Pazartesi, Eylül 22, 2008

Silin Borcunu

Büyük dedelerimizin hatırlayabileceği bir gelenek vardı Ramazan ayında;

Hâli vakti yerinde olanlar kılık-kıyafet değiştirerek hiç tanı­madıkları mıntıkalara gidip, bakkalın manavın tenha za­manlarını seçerek sorarlarmış:

«Zimem defteriniz var mı?» diye,

Zimem defteri, o esnaftan borcuna yani veresiye mal alan mahalle sakinleri­ne ait hesap defteridir: Borçlu ile borcunun miktarı yazılı olan defter.. Esnaf bu defteri çıkarınca, gelen şöyle dermiş:

«Lütfen baştan, son­dan ve ortadan şu kadar sayfanın yekûnunu yapınız» Esnaf bu kadar sayfanın yekûnunu yapar, söyler; gelen de kesesini çıkarır, onu öder:

«Silin borçlarını. Allah kabul etsin» der, çeker gidermiş. Borcu ödenen, borcunu ödeyenin kim olduğunu; borcu sildiren, kimi borçtan kurtar­dığını bilmezmiş.

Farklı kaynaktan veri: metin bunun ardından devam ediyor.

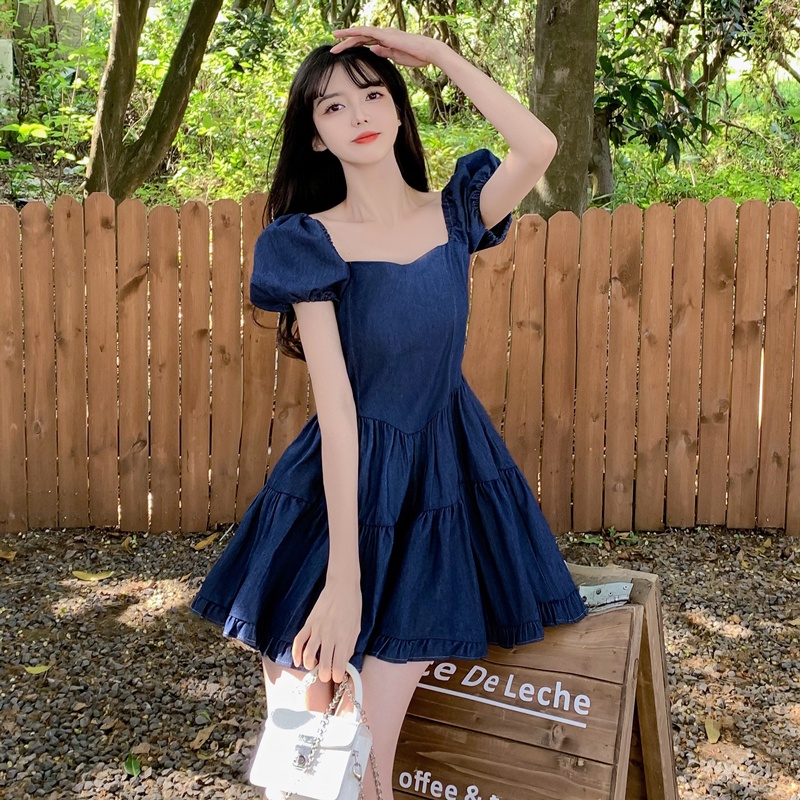 Happy-store ❤️ Mùa xuân hè 2023 phong cách đại học phong cách cổ xưa mặn ngọt quấn ngực khoe eo thon khí chất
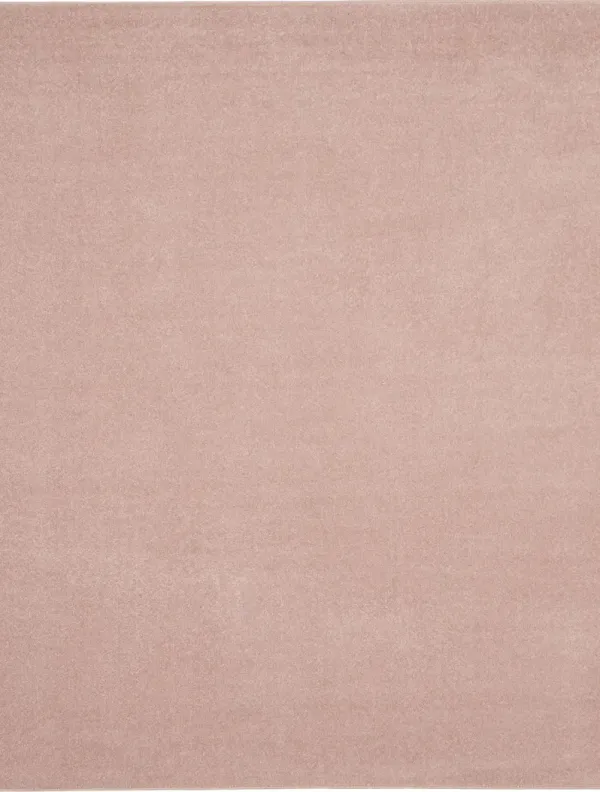 Nourison Essentials NRE01 Pink 5' x Square Rug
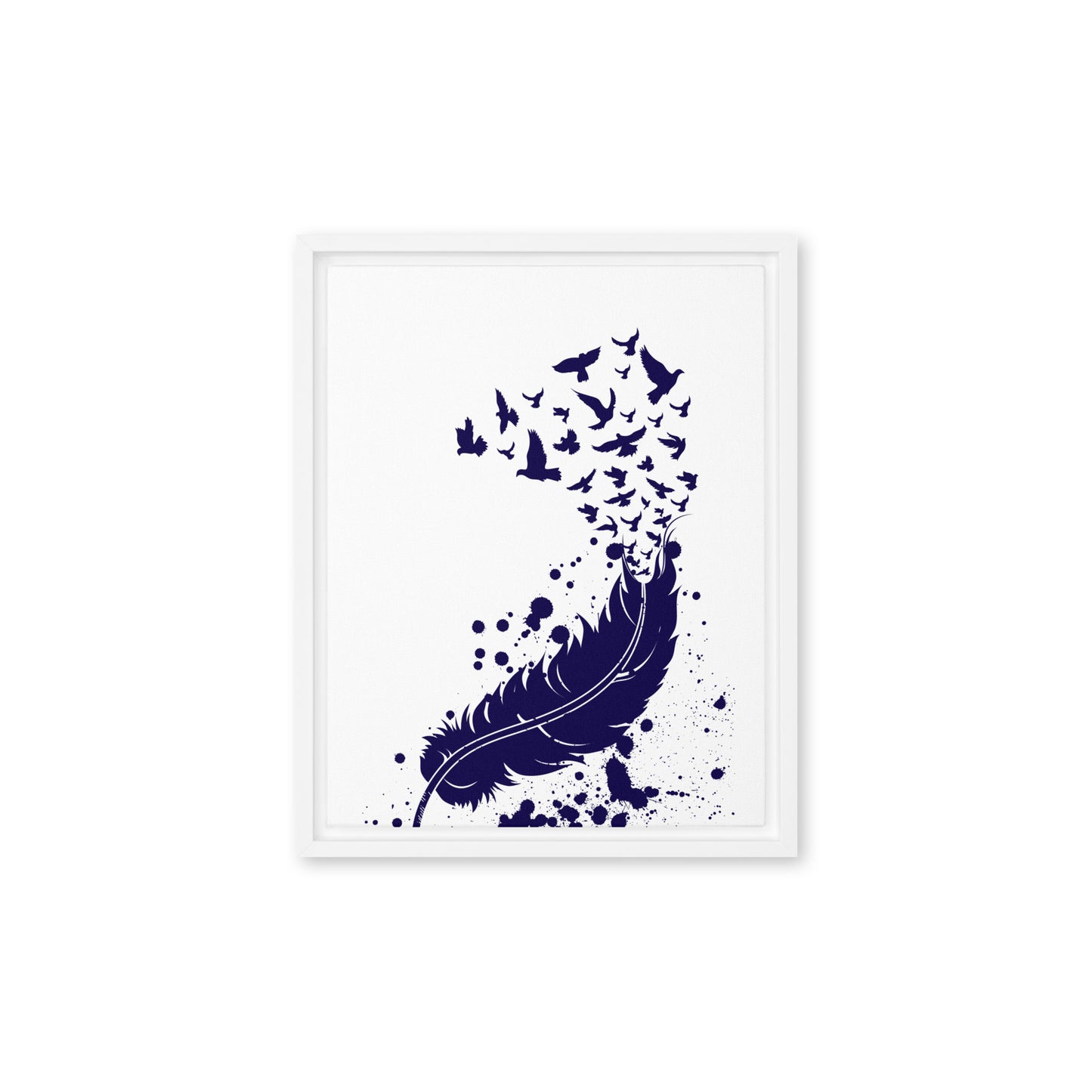 Feather and Birds Abstract Framed canvas 1 of 2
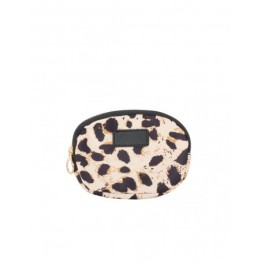 Monedero Leopardo Beige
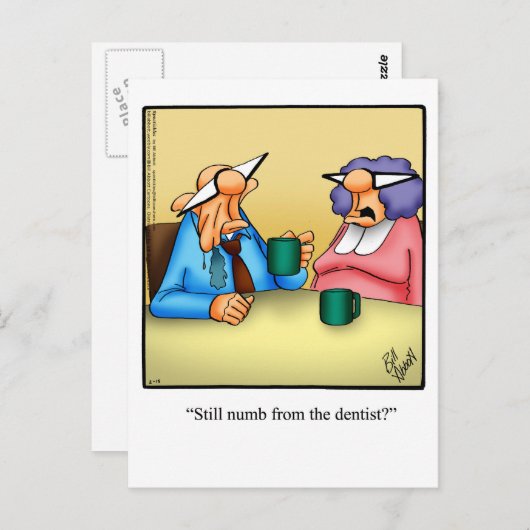 Funny "Thinking you" Postkarte (Vorne/Hinten)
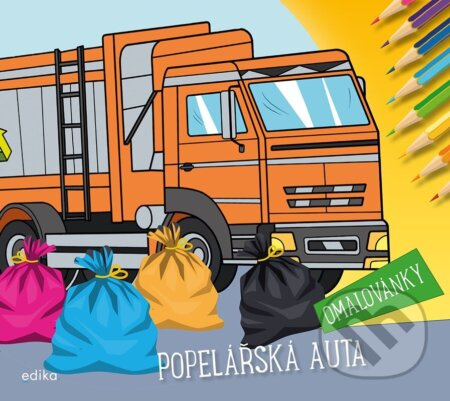 Popelářská auta – omalovánky - Michaela Tučková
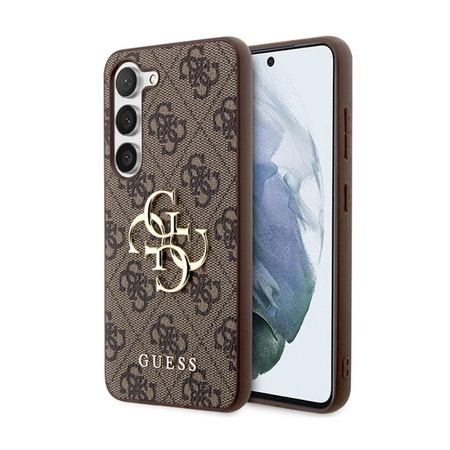 Guess 4G Big Metal Logo - Etui Samsung Galaxy S23 FE (brązowy)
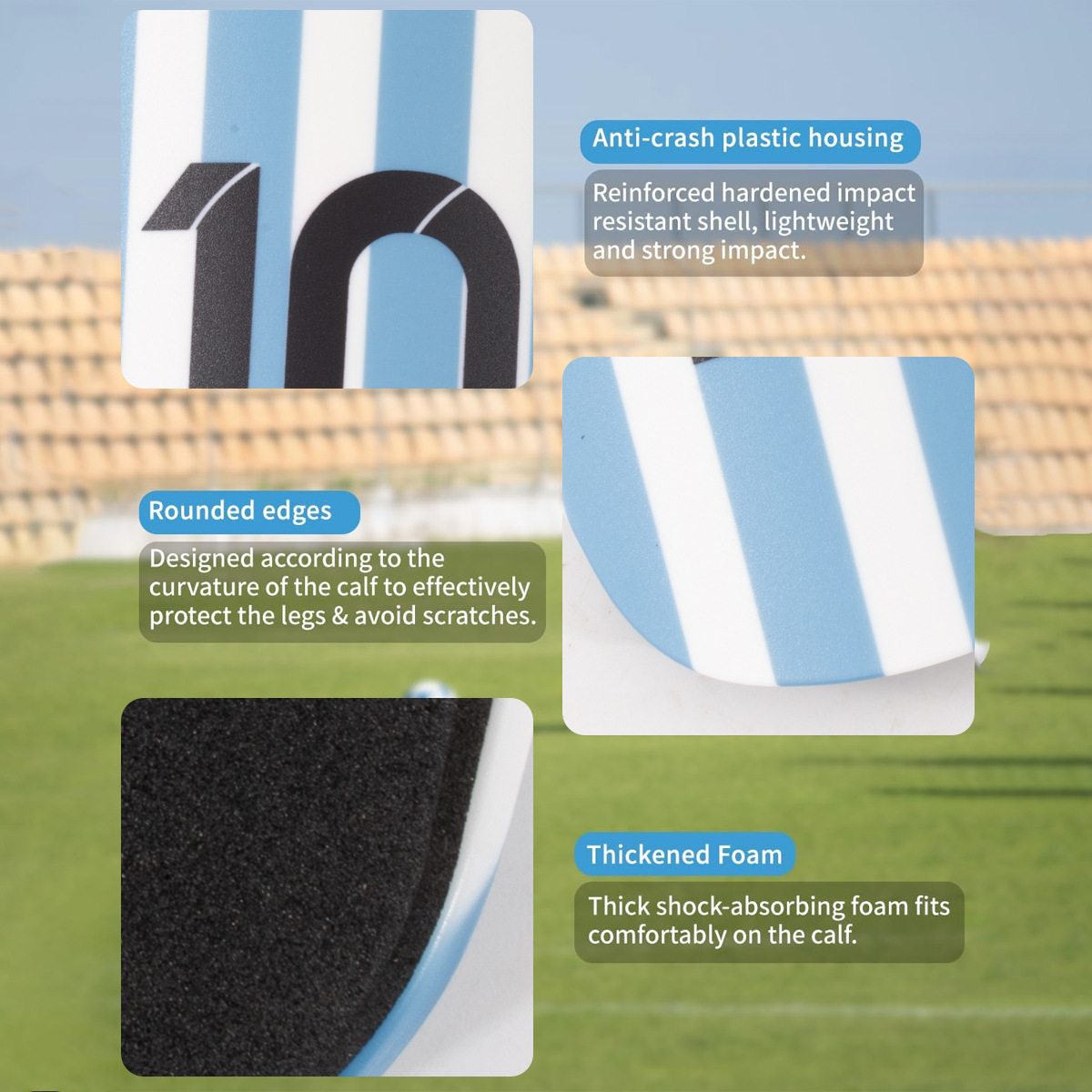 Football Shin Guards For Men And Women, Insert Type Shin Guards For Competition Training, Wear Resistant And Impact Resistant Shinguards Guards_viptrois.com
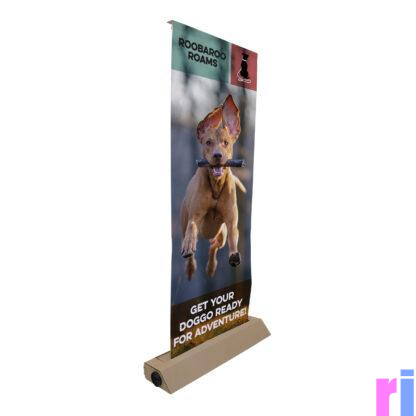 Eco-Lite Retractor Kit - cardboard and paper retractable banner display - recyclable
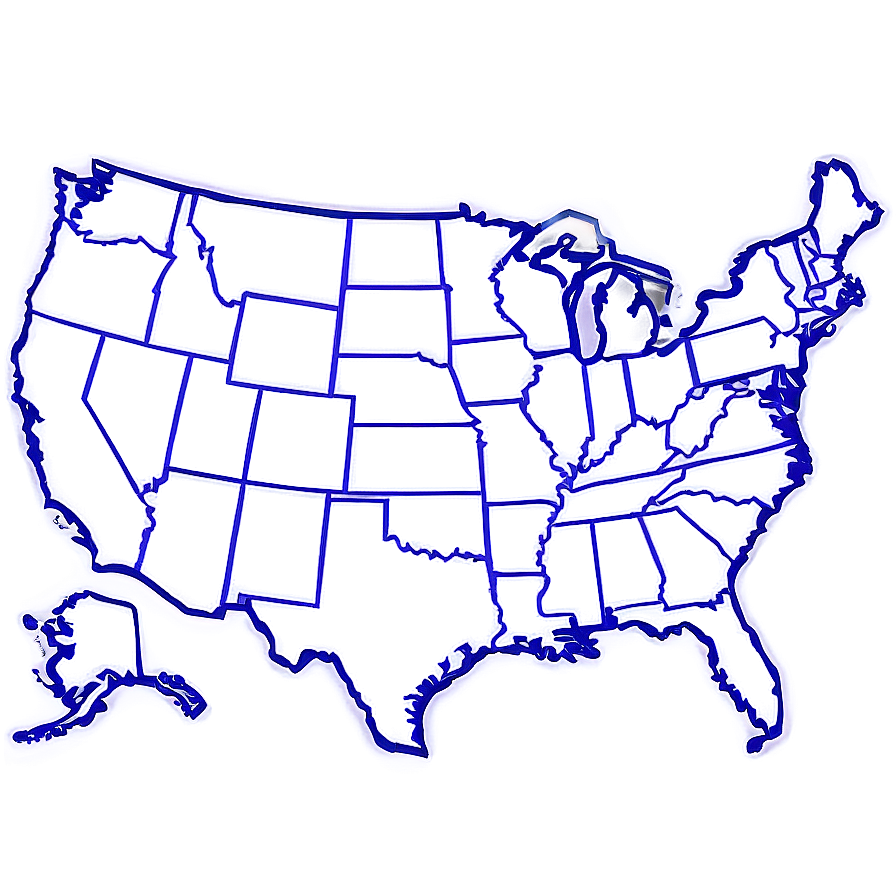 Blank Us Map For Coloring Png 5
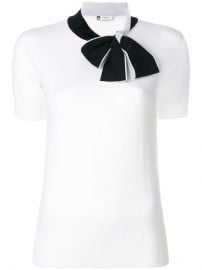 Lanvin Contrast Bow Jumper  1 050 - Buy Online - Mobile Friendly  Fast Delivery  Price at Farfetch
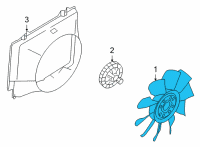 OEM 2011 Ford E-350 Super Duty Fan Blade Diagram - BC3Z-8600-A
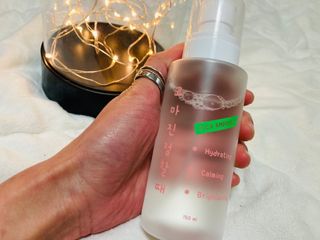 [시카앰플] 묘오한 고마진정할때 진정 스프레이 앰플 150ml — 4점을 준 리뷰어가 2021년 2월 올린 사용 사진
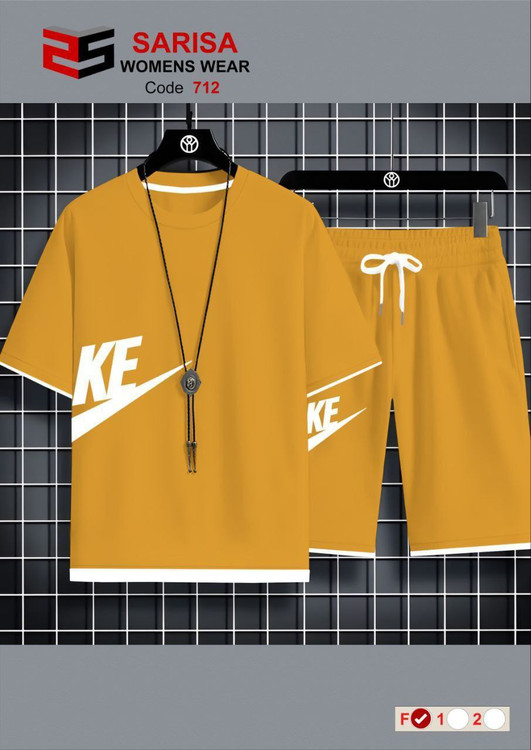 تیشرت لانگ با شورتک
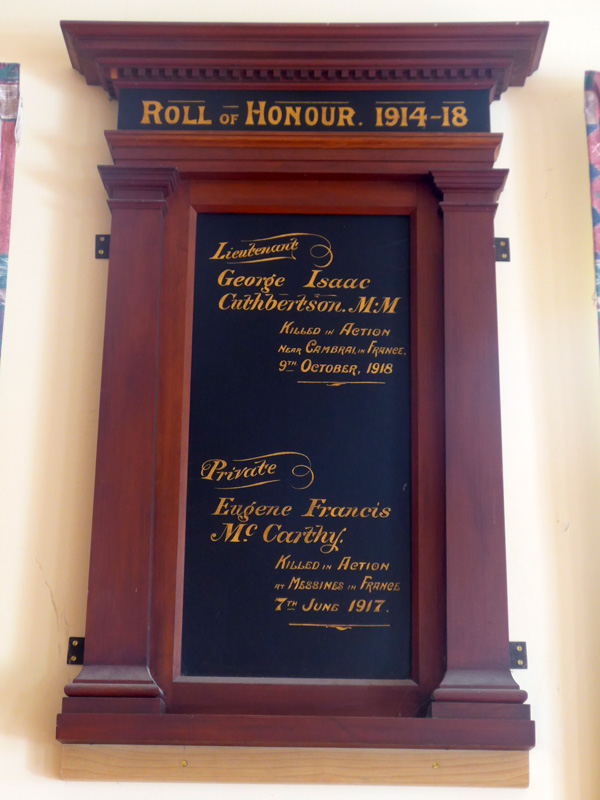 Glenavy and Tawai rolls of honour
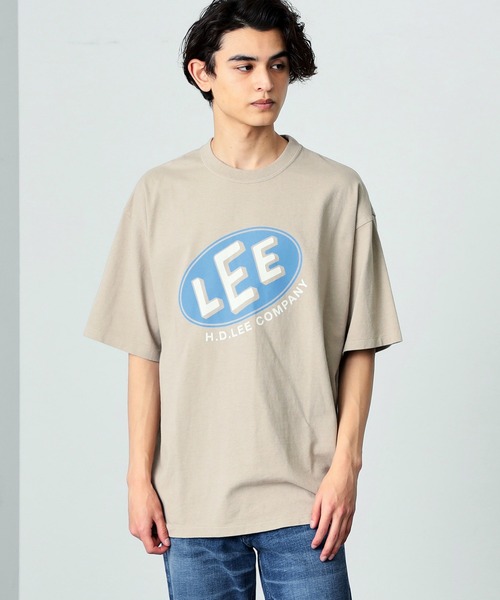 Lee tシャツ Lee/リー オーバルロゴ半袖Tシャツ メンズ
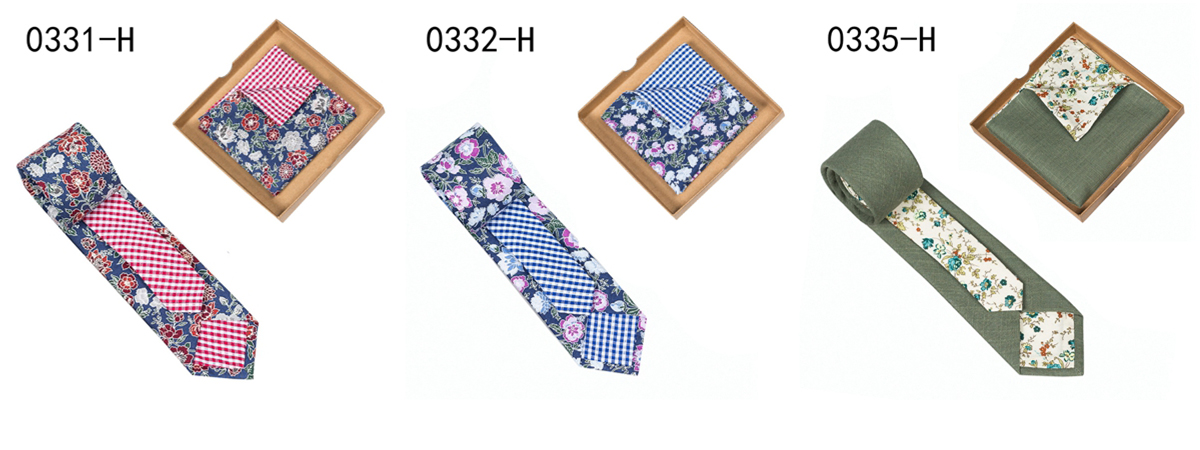 TONIVANI-06 Wholesale Shengzhou China Mens Printed Cotton Neckties And Pocket Square Sets Male Colorful Floral Ties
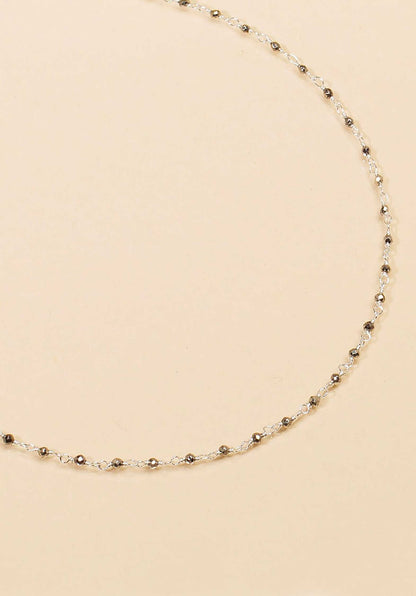 Necklace Ciaa Argent-Pyrite
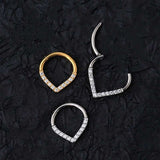 Heart Symbol Nose Piercing - AKAK BODYJEWELRY - ear - tunnel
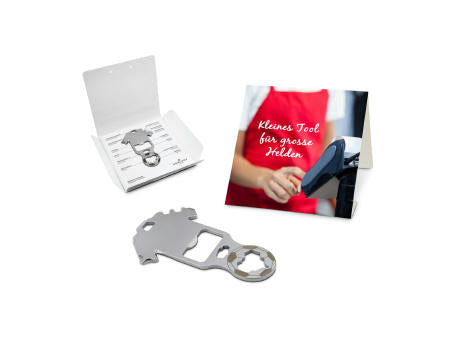 Geschenkartikel: ROMINOX® Key Tool Truck / LKW (22 Funktionen) im Motiv-Mäppchen Große Helden (Einzelhandel)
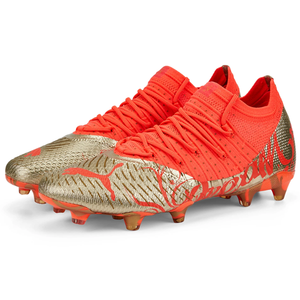 Puma Neymar Jr. Future Z 1.4 Firm Ground Soccer Cleats (Fiery Coral Gold)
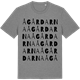 Mid Heather Gray t-shirt med Ågårdarna ordlek t-shirt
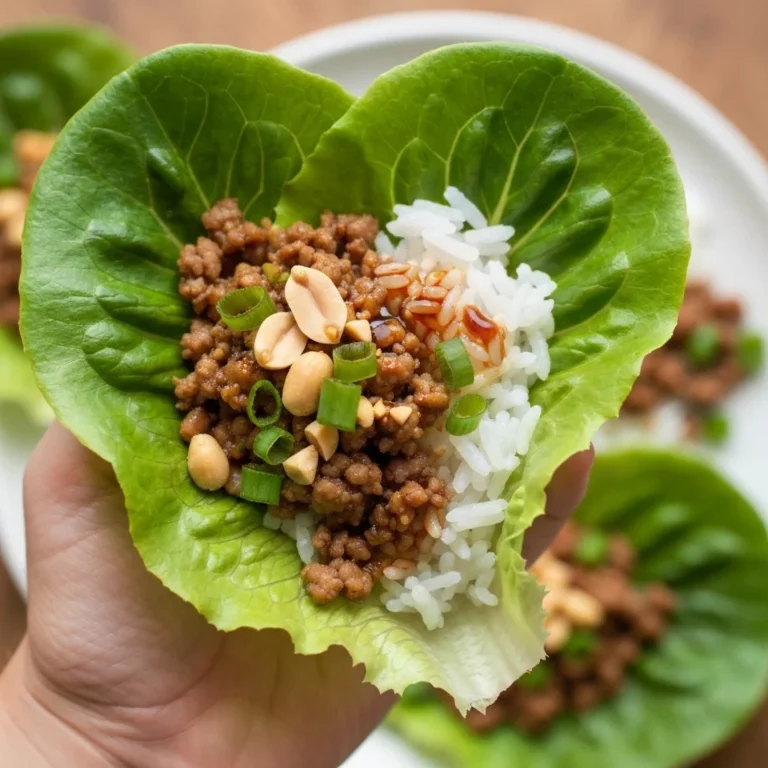 Ground Chicken Lettuce Wraps (Better Than Takeout)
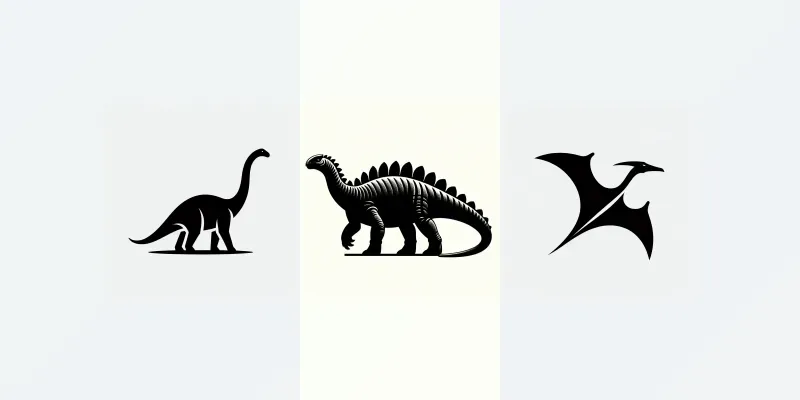 Dinosaur Silhouette Collection generated by undefined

İşte, hiçbir maddi çıkar düşüncesi gözetmeksizin sırf Allah'ın rızasını ka­zanmak ve din kardeşinin sıkıntısını gidermek amacıyla karşılıksız borç vermeye karz-ı hasen denilmiştir. «Hasen» olarak nitelenmesi, amacındaki ruh yüceliğinden ileri gelmektedir.